On one hand, unnecessary functions add code since its takes a few lines of assembly to set up a function call. On the other hand, it is much easier to inject many small pieces of code than a single large piece. Every function must be injected into a continuous region of memory. Two smaller functions can be injected into separate regions of memory. The two smaller functions will take more total size, but may be easier to inject. So how do you know when to make this trade off? If your code is failing to inject but the total size of your code is smaller than the total size of your memory regions, consider finding ways to fragment your code more. This is done by breaking up functions and large variables (arrays declared in a global scope).

Data is Smaller than Code

This is a general principle that applies is most cases. Let's start with an example from SimpleProgram in the tutorial.

static Logic respawnLogic = 
{
    {&actionStateEq, .arg1.u = 2, .arg2.u = _AS_RebirthWait},
    {&addMove, .arg1.p = &cpuPlayer, .arg2.p = &_mv_shortHop}
};

void main()
{
    ...
}

This is how respawnLogic is declared. The size of a Logic struct is 24 bytes, and since respawnLogic is created at compile time it takes up exactly 24 bytes. What if we changed it too:

void main()
{
    Logic respawnLogic = 
    {
        {&actionStateEq, .arg1.u = 2, .arg2.u = _AS_RebirthWait},
        {&addMove, .arg1.p = &cpuPlayer, .arg2.p = &_mv_shortHop}
    };

    ...
}

This version is 56 bytes larger.
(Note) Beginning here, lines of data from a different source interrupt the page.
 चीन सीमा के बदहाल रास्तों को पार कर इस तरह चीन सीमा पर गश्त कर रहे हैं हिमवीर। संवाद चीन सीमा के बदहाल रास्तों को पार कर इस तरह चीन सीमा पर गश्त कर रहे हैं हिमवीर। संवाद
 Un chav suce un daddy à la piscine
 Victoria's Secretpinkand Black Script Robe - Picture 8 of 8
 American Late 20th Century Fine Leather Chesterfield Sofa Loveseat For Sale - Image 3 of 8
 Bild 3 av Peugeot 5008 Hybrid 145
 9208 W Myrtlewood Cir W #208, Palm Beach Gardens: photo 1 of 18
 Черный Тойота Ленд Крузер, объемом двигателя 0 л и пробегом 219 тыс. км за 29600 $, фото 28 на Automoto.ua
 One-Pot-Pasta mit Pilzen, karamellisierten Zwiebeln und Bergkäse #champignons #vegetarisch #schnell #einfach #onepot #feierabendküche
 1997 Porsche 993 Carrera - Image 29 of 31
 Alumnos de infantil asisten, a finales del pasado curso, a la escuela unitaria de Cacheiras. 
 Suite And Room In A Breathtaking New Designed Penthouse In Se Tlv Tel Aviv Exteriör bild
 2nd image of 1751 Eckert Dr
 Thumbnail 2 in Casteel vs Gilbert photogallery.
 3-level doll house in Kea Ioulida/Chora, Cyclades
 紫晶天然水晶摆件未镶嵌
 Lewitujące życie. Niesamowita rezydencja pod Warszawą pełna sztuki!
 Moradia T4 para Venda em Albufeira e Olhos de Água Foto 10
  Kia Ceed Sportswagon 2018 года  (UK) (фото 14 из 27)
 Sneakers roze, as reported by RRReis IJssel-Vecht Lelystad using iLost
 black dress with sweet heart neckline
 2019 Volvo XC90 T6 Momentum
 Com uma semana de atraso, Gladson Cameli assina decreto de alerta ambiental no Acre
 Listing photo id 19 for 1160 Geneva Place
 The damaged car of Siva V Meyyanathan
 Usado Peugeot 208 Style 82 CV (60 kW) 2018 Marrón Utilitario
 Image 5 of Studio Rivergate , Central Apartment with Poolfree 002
Why? When respawnLogic is declared like this, it is not created at compile time, instead the necessary code to create this struct at run-time must be injected. This takes up more space than just the size of the Logic struct.

That being said, if your variable is particularly large and your initialization is particularly simple, it maybe be more efficient to declare the variable inside of a function (as long as it wasn't needed in the global scope). This takes some experimenting to figure out exactly, but this trade-off should always be on your mind.